═══ INPUT MATERIAL ═══

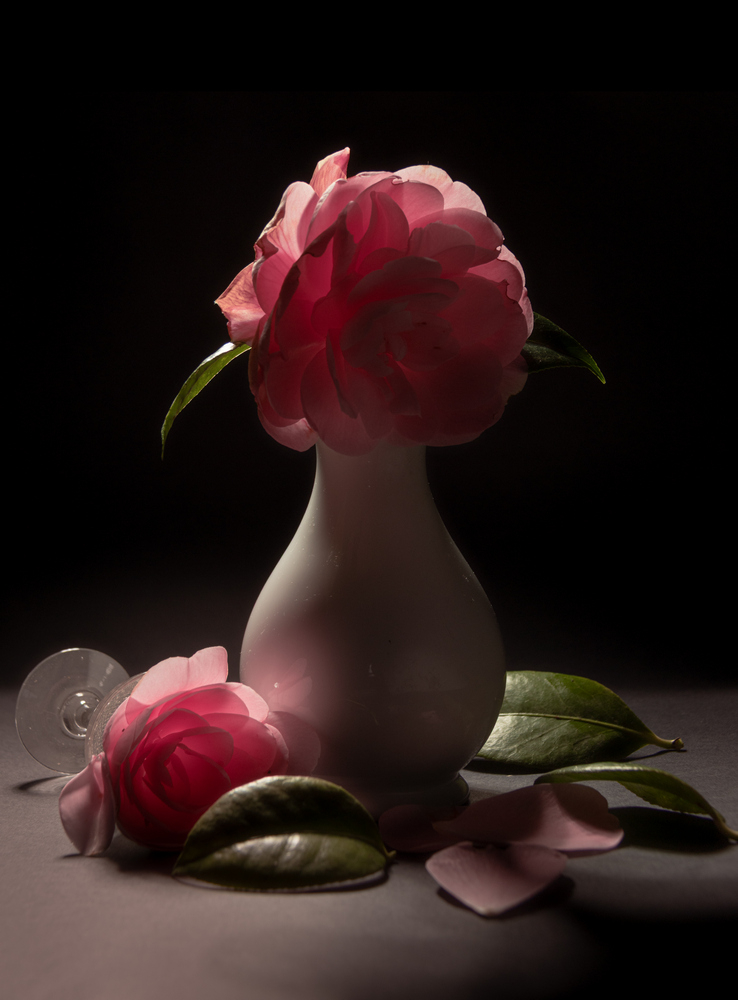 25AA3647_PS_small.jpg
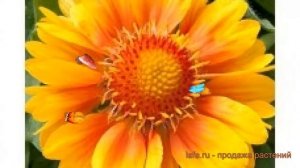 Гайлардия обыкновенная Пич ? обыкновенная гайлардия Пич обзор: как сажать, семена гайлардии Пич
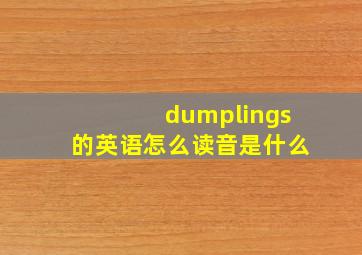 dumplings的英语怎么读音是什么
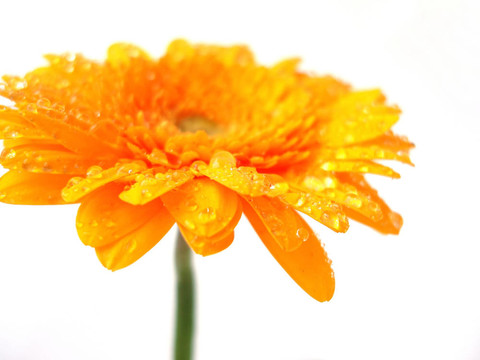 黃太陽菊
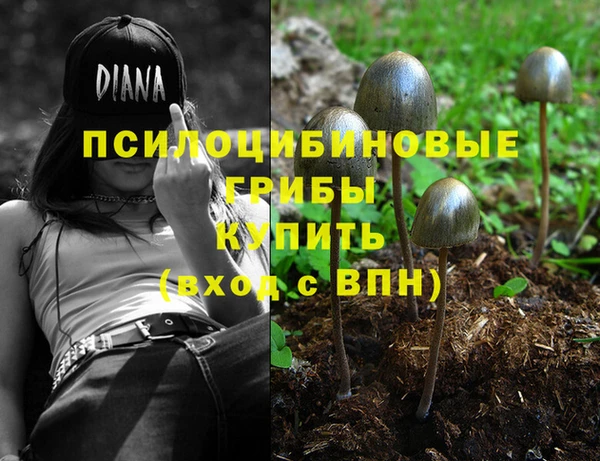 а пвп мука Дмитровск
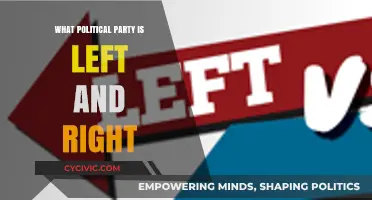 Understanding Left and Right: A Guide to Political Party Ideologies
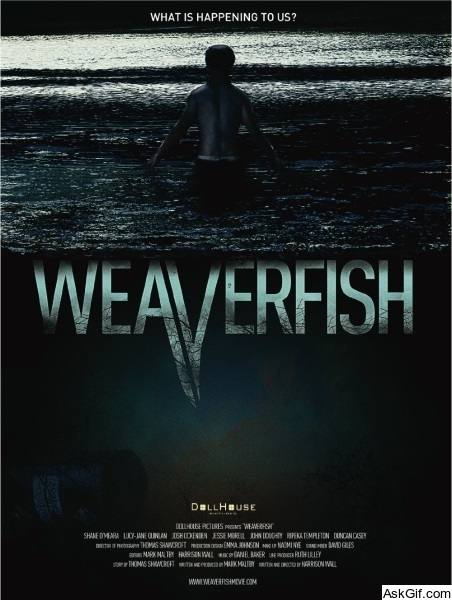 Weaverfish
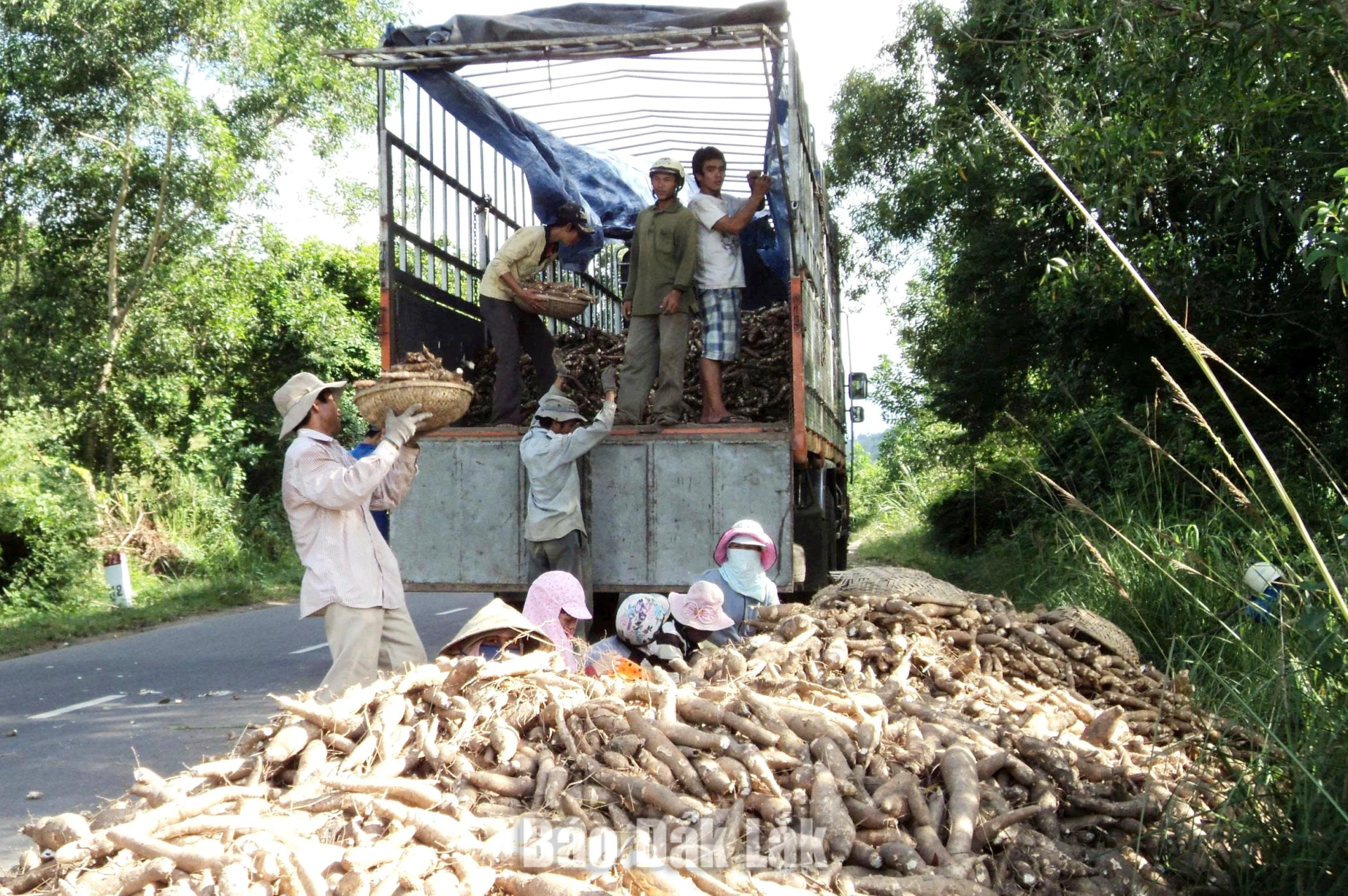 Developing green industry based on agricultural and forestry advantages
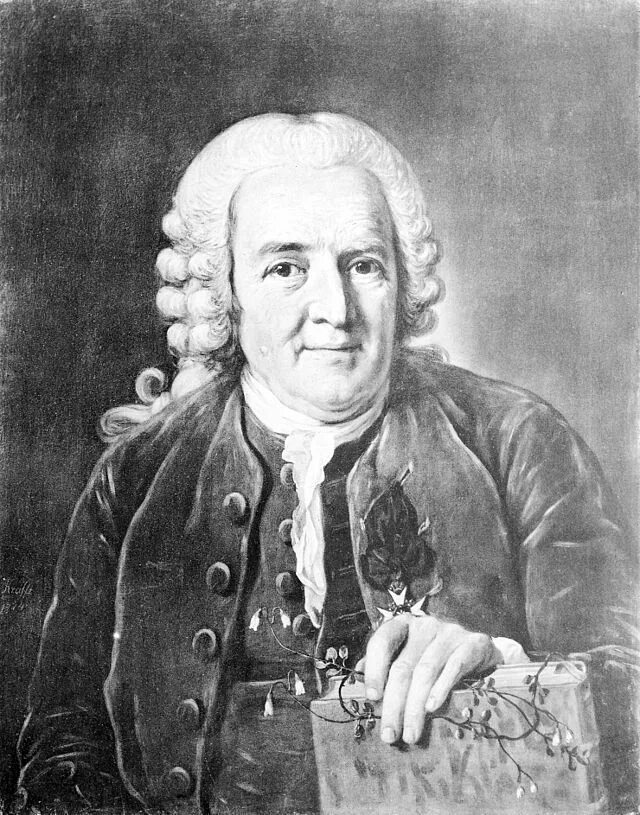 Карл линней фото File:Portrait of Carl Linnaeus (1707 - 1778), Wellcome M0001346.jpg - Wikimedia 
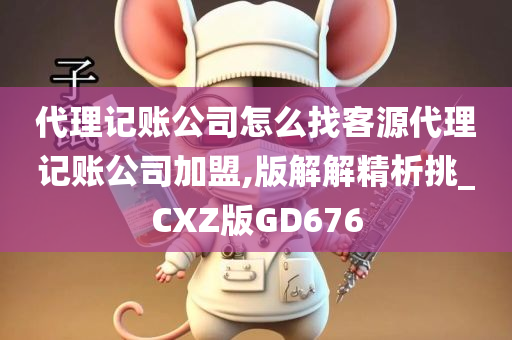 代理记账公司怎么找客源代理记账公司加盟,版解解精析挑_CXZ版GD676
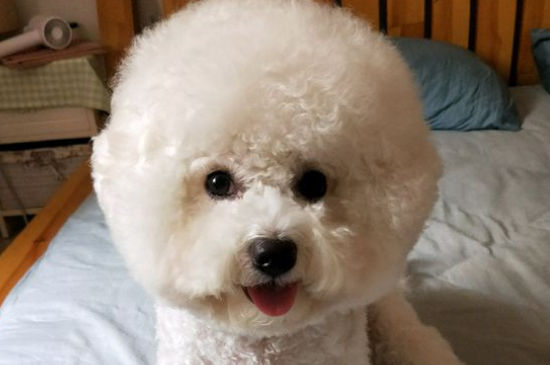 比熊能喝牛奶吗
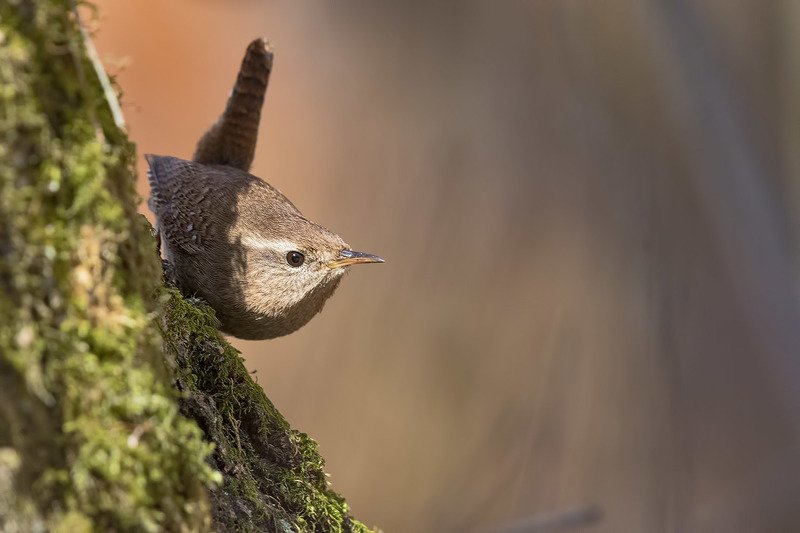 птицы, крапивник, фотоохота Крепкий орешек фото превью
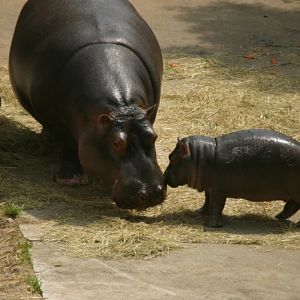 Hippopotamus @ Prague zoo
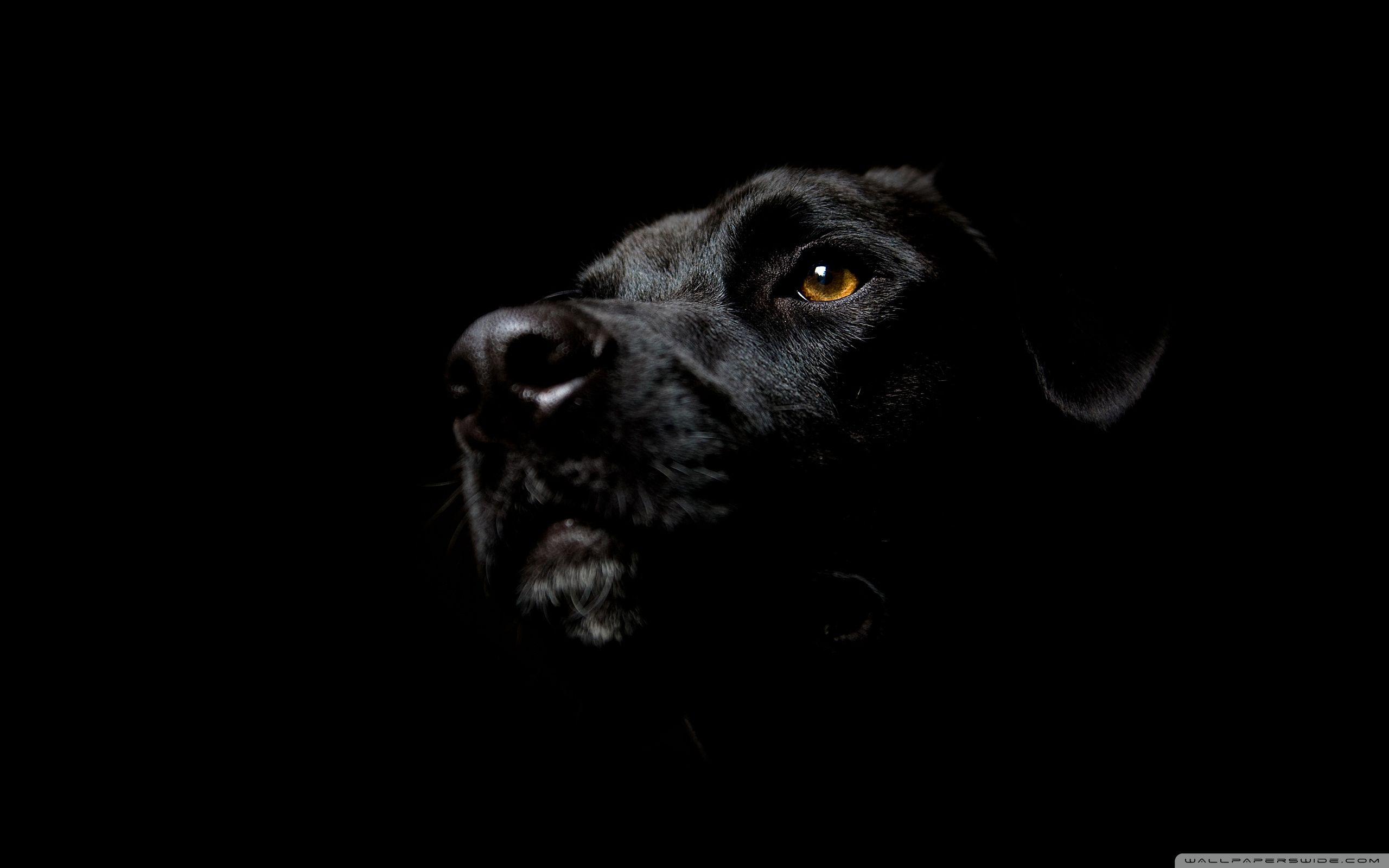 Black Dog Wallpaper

═══

I'd like the material above repeated exactly, with the pictures omitted.

_EXERCISE SOLUTION_
 25AA3647_PS_small.jpg
 Гайлардия обыкновенная Пич ? обыкновенная гайлардия Пич обзор: как сажать, семена гайлардии Пич
 dumplings的英语怎么读音是什么
 黃太陽菊
 а пвп мука Дмитровск
 Understanding Left and Right: A Guide to Political Party Ideologies
 Weaverfish
 Developing green industry based on agricultural and forestry advantages
 Карл линней фото File:Portrait of Carl Linnaeus (1707 - 1778), Wellcome M0001346.jpg - Wikimedia 
 代理记账公司怎么找客源代理记账公司加盟,版解解精析挑_CXZ版GD676
 比熊能喝牛奶吗
 птицы, крапивник, фотоохота Крепкий орешек фото превью
 Hippopotamus @ Prague zoo
 Black Dog Wallpaper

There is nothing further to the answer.